Philadelphia-born La Colombe was a leading figure in coffee’s “Third Wave” movement of the 2000s and 2010s before growing to East Coast regional and national prominence through high-end retail expansion.
The company was also a pioneering force in coffee’s current RTD wave, in which concepts of “specialty” or “third wave” coffee have become intertwined with the convenience of canned and bottled coffee drinks. Following a $28.5 million investment in 2014, the company made a splash in the coffee category two years later with the introduction of its canned “draft latte.”
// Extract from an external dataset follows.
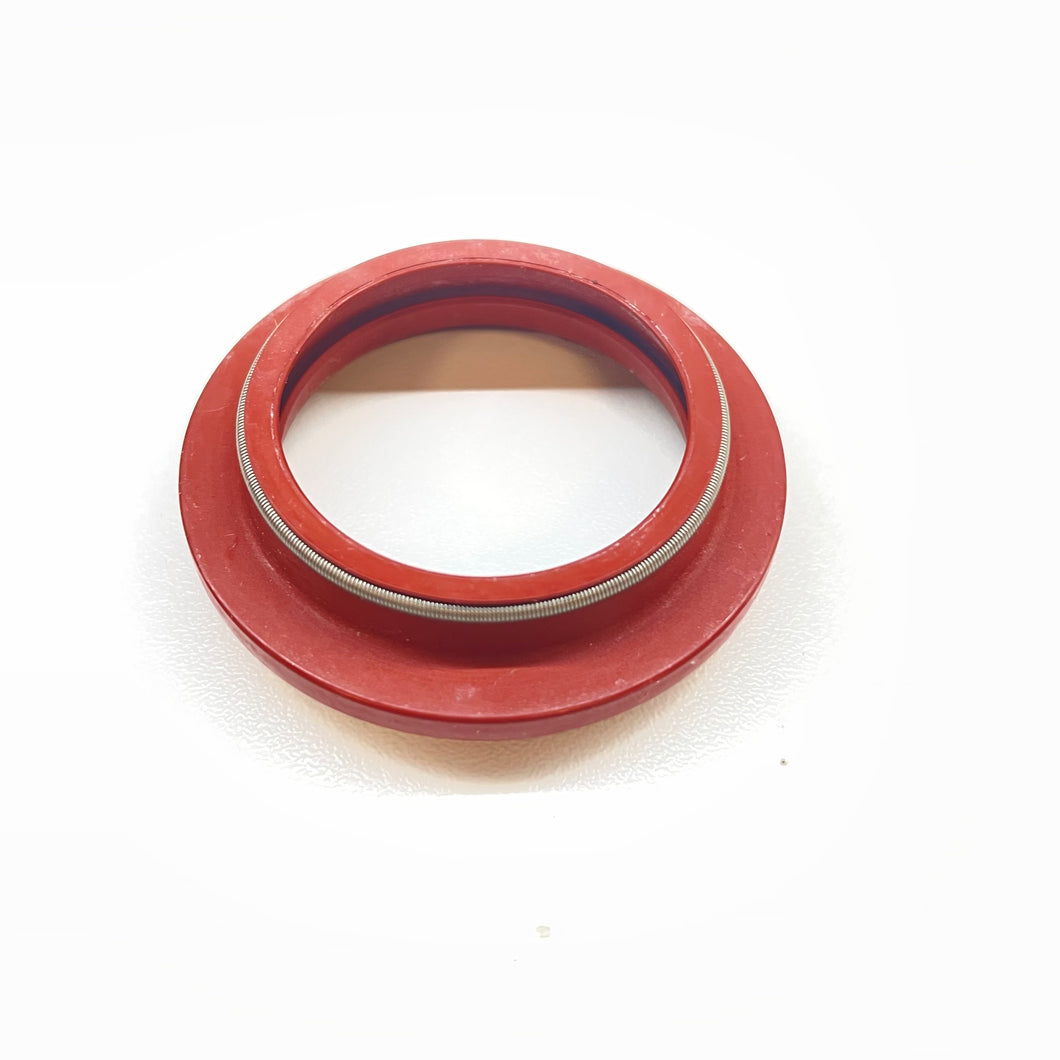 Staubdichtung 35mm rot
The $300 investment from Keurig Dr Pepper reflects a remarkable consolidation intersection for La Colombe, whose charismatic co-founder Todd Carmichael for years publicly bemoaned the corporatization of specialty coffee.
In a 2011 piece for Esquire, Carmichael commented on rumors of an impending corporate investment in Portland, Oregon-based Stumptown Coffee Roasters. Incidentally, that piece name-dropped Green Mountain Coffee (Keurig Dr Pepper was formerly known as Keurig Green Mountain).
“Chances are, it will be another in a long history of promising roasters sold and promptly suffocated by corporate America, like Torrefazione Italia, Seattle’s Best, and Green Mountain, to name just a few,” Carmichael wrote of Stumptown’s situation in 2011. “What advice can I give to anyone who’s mourning this loss? Vote with your dollar and avoid Wall Street-owned roasters.”
In an announcement from KDP today, La Colombe Chairman Ulukaya, who also owns Chobani, repeatedly referenced La Colombe’s “mission.”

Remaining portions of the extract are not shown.